WHAT THE TASK REQUIRES
Starting at the top line and ending at the bottom one, repeat the entries exactly and drop every picture.

────────

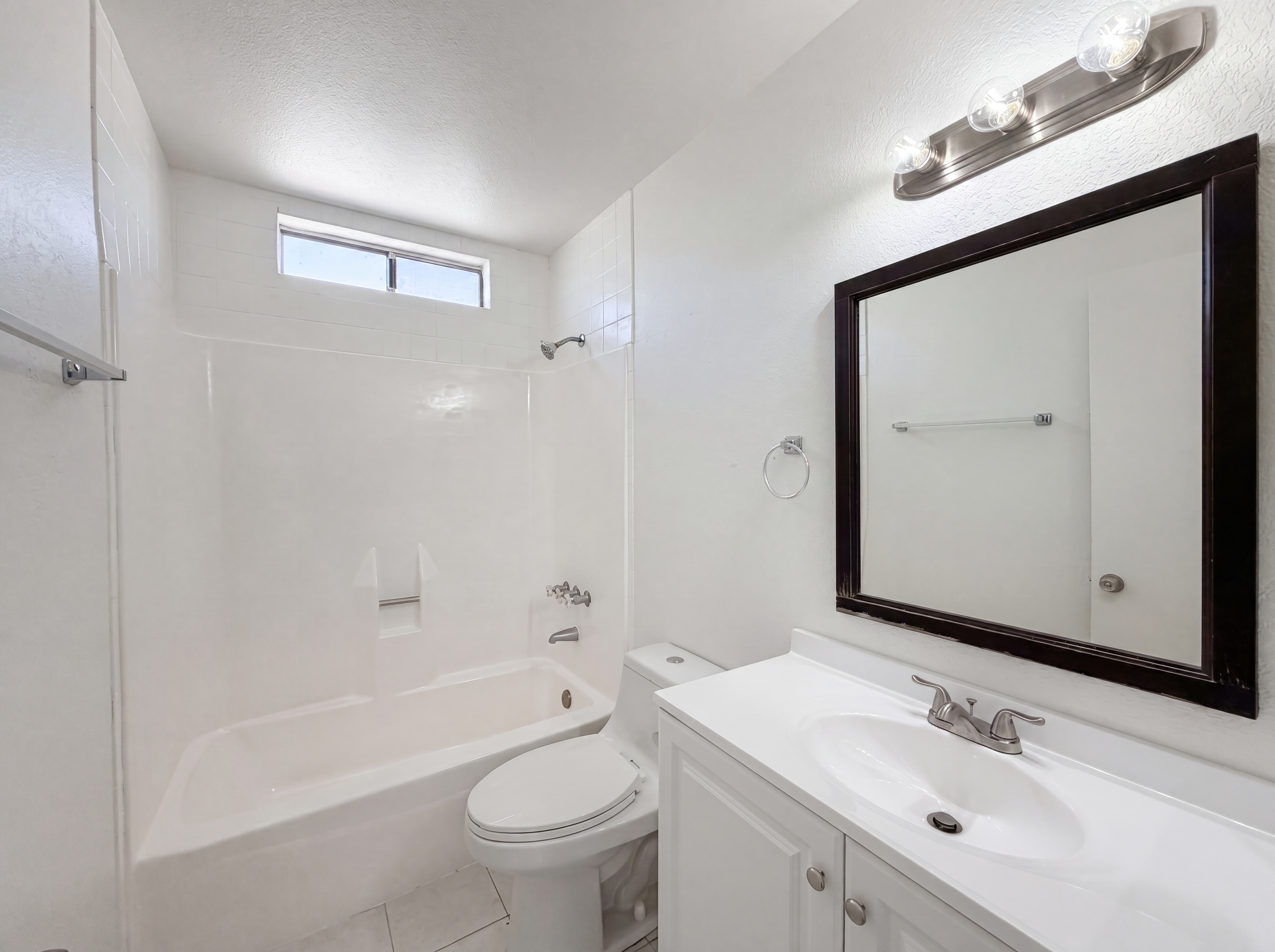 Photo 19 of 26 of 4260 E Vineyard Rd, Phoenix, AZ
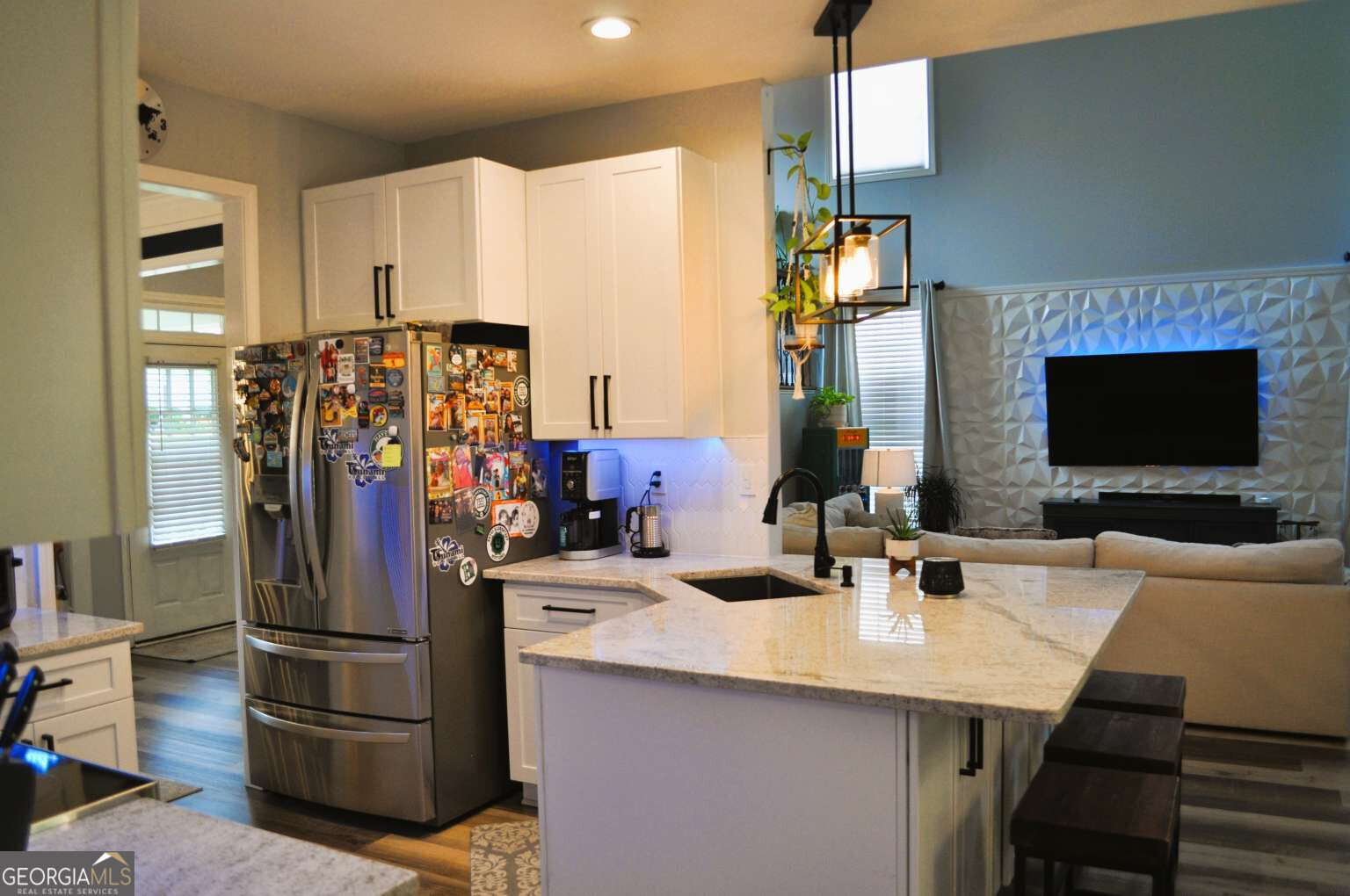 1951 Barrett Knoll CIR NW
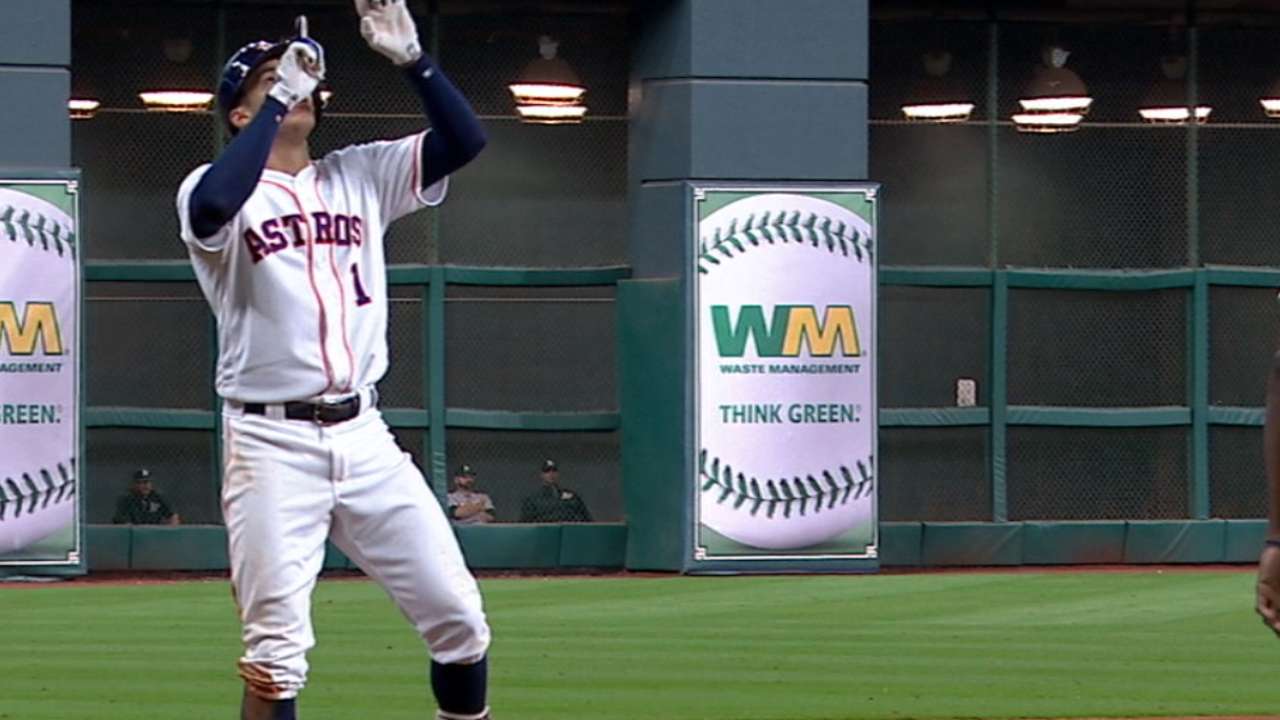 Correa's three-hit game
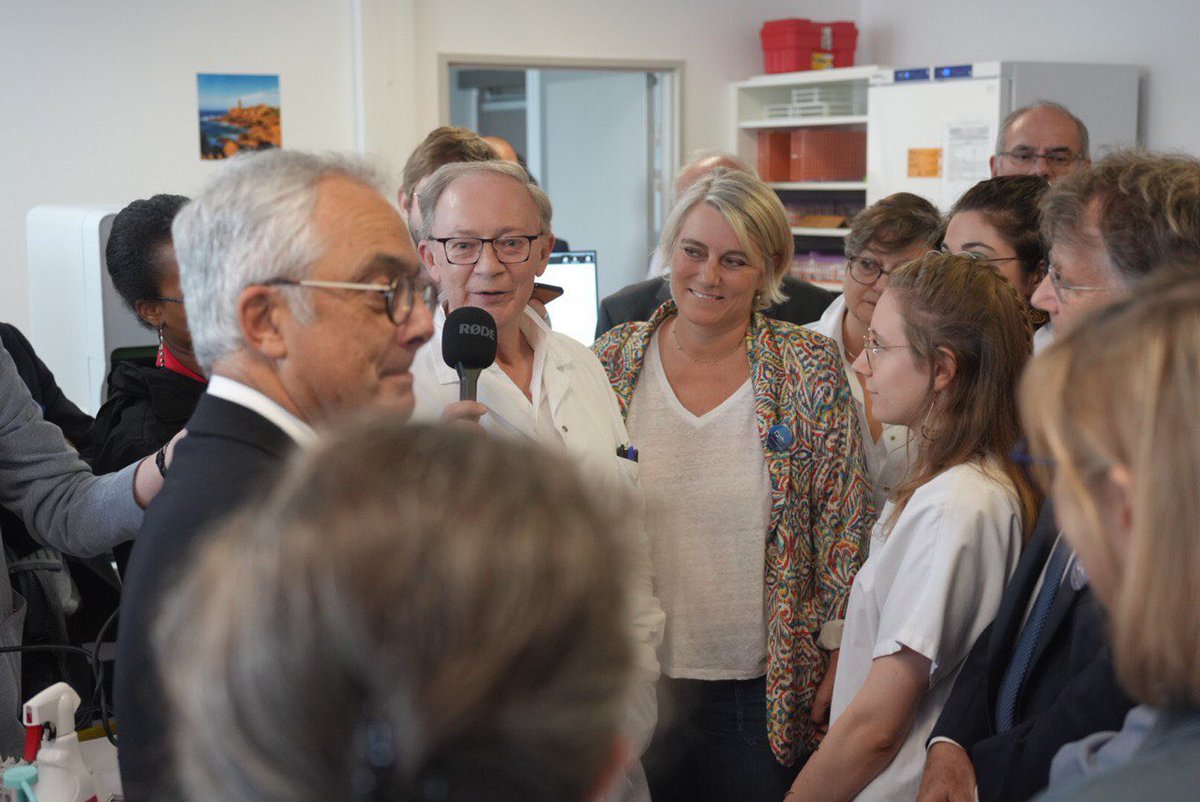 stephanie_rist's tweet photo. La création du #CHU d’Orléans est un atout pour notre territoire en terme d’attractivité. 

La formation, l’accès aux soins et la recherche seront renforcés, notamment en formant davantage de médecins. Cette convention s’inscrit pleinement dans les politiques en faveur de la santé que nous menons depuis 2017 !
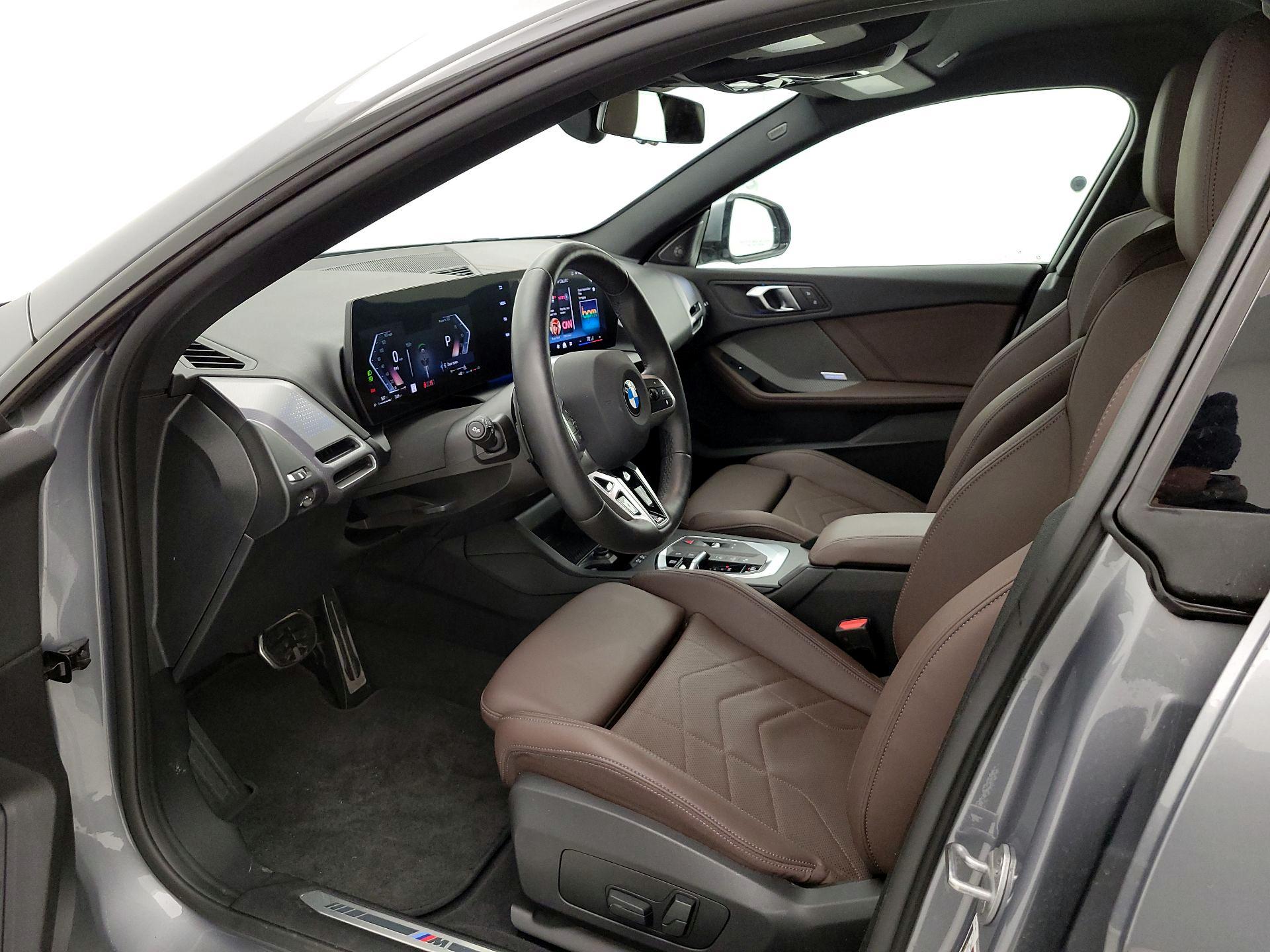 Thumbnail: 2025 BMW 2 Series - 11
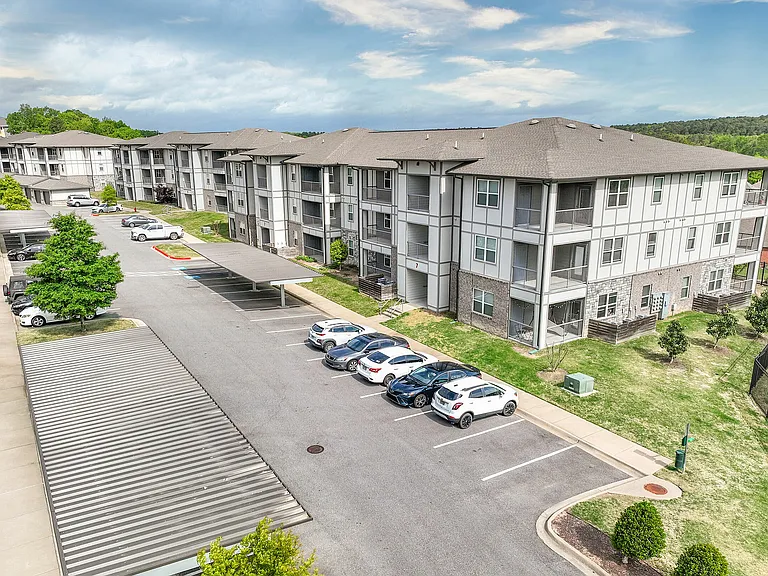 Landmark Apartments — Photo 70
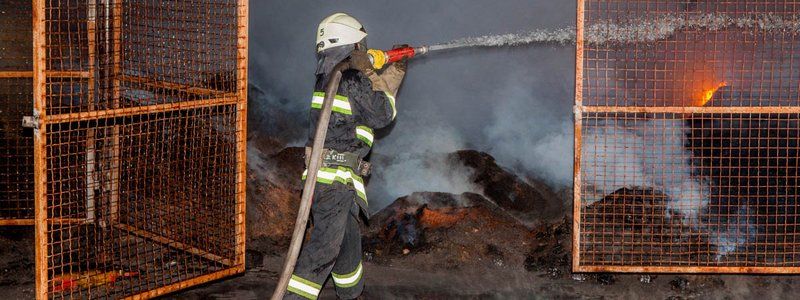 В Днепре горели склады с поддонами и пластиком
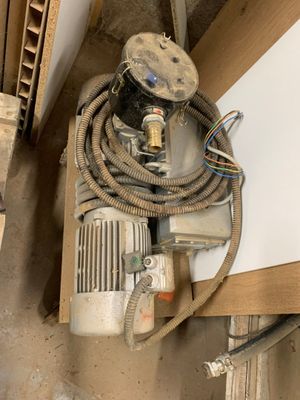 vue de dessus d'un chauffe-eau auquel est raccordé un tuyau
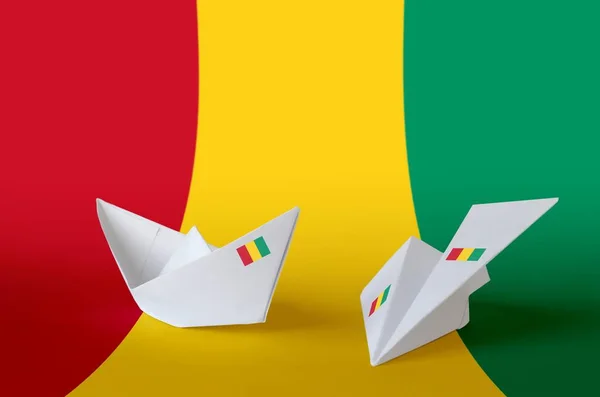 Bandeira Guiné Retratada Avião Barco Origami Papel Oriental Artesanal Artes — Fotografia de Stock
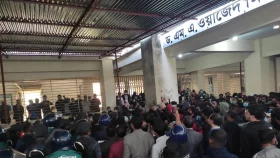 শাবিতে পুলিশের সঙ্গে শিক্ষার্থীদের সংঘর্ষ, আহত অর্ধশত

────────

TASK OUTPUT
 Photo 19 of 26 of 4260 E Vineyard Rd, Phoenix, AZ
 1951 Barrett Knoll CIR NW
 Correa's three-hit game
 stephanie_rist's tweet photo. La création du #CHU d’Orléans est un atout pour notre territoire en terme d’attractivité. 

La formation, l’accès aux soins et la recherche seront renforcés, notamment en formant davantage de médecins. Cette convention s’inscrit pleinement dans les politiques en faveur de la santé que nous menons depuis 2017 !
 Thumbnail: 2025 BMW 2 Series - 11
 Landmark Apartments — Photo 70
 В Днепре горели склады с поддонами и пластиком
 vue de dessus d'un chauffe-eau auquel est raccordé un tuyau
 Bandeira Guiné Retratada Avião Barco Origami Papel Oriental Artesanal Artes — Fotografia de Stock
 শাবিতে পুলিশের সঙ্গে শিক্ষার্থীদের সংঘর্ষ, আহত অর্ধশত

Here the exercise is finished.